How do we know whether they lie without a solid definition of net worth?

I'm not defending billionaires and I believe they should be heavily taxed, and huge inheritances should be outlawed, but what's Elon Musk's net worth, for example? He surely doesn't have $369 billion in cash. Can we tax him based on his Tesla shares? What happens if Tesla stock goes down by 99% next year? It's tricky.

When the amount of equity pulled out from the loan exceeds the cost basis, why not?
How? That makes little sense to me from an implementation standpoint.
When I bought my home I had to sell $XXX,XXX of stock to make the down payment. If Jeff Bezos wants to buy the same house, he would use a line of credit from the bank, collateralized by his Amazon shares (or whatever source of wealth) and pay with that. I paid 15% in long-term capital gains, he pays 0%. Under my plan, he would pay 15% LTCG for collateralizing his stock,. If I had to pay it, then it's entirely fair and reasonable that we expect him to pay his fair share too.
You could have done the same thing with a margin-enabled brokerage account, e.g. Interactive Brokers or Fidelity.

It's not particularly hard. Just have enough collateral to not get margin called. And, like the margin interest rate better than the tax hit. Shop around for rates. Notice, you don't have to pay the entire down payment this way.

If you have amassed 6 figures of stock and are buying a house, you're qualified to educate yourself on these topics. It's usually worth reading up anytime you incur that sizable a taxable event.

I am not saying this is a great idea, BTW. Just, it's an idea within many people's reach.

If it's a bad idea, it's a bad faith argument - why would you suggest it? The tax laws shouldn't favor the gross accumulation of wealth, nor the starvation of the treasury, so the laws need to change to force the rich to pay their fair share.
> If it's a bad idea, it's a bad faith argument

I believe the GP is just cautioning rando HN readers that they should not rush out and make their down payment in the manner described, as opposed to liquidating some of their stock options for "real cash" like the GGP had to do.

They are just explaining a reasonable method that the (above) average HN reader could use to be in the same situation as Bezos of having a 0% tax on their down payment.

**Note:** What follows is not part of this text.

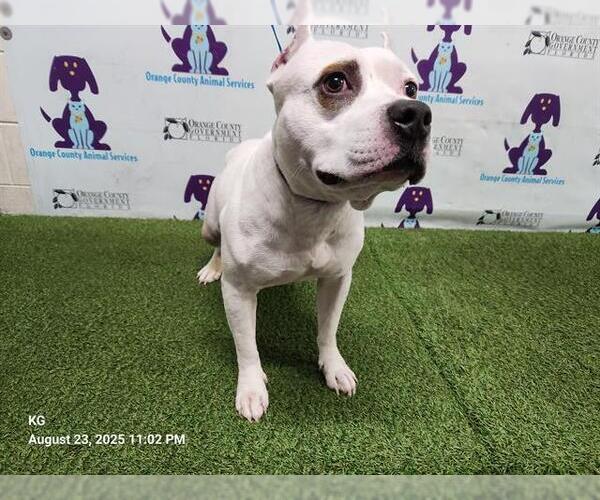 Medium Photo #1 American Pit Bull Terrier Puppy For Sale in Orlando, FL, USA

In the US, there's a pretty massive exemption (well, deferral) for capital gains tax on the sale of a primary residence, so once you have one home to work with, the down payment is (kind of?) tax-free anyway.

Bezos gets a much better margin rate than you or I would ever get on IBKR. And IBKR doesn't margin call, they straight up auto liquidate. Bezos's lender would never do that to him.
And withdrawals from margin accounts should cause taxable events too. Honestly it is up to the industry to justify and propose a workable tax scheme that makes margin accounts feasible. Withdrawals triggering taxable events seems fair to me, though.
If I get something of worth, non-related to the stock/ownership, for the current value on my stock/ownership, I should pay taxes on that amount. I am using the stocks value to gain something. If I take out a loan for businesses needs, that is in the interest of the thing I own. If I take out a loan to buy a separate thing, I have leveraged the current value and have therefor realized the current value and should pay accordingly.
Lenders would have to report loan origination for secured loans where some specific asset classes are acting as the collateral.
Why does it matter? It eventually gets taxed through estate tax and at a higher rate than income. This obsession with taxing them _now_ only makes sense if the point is to punish the the rich.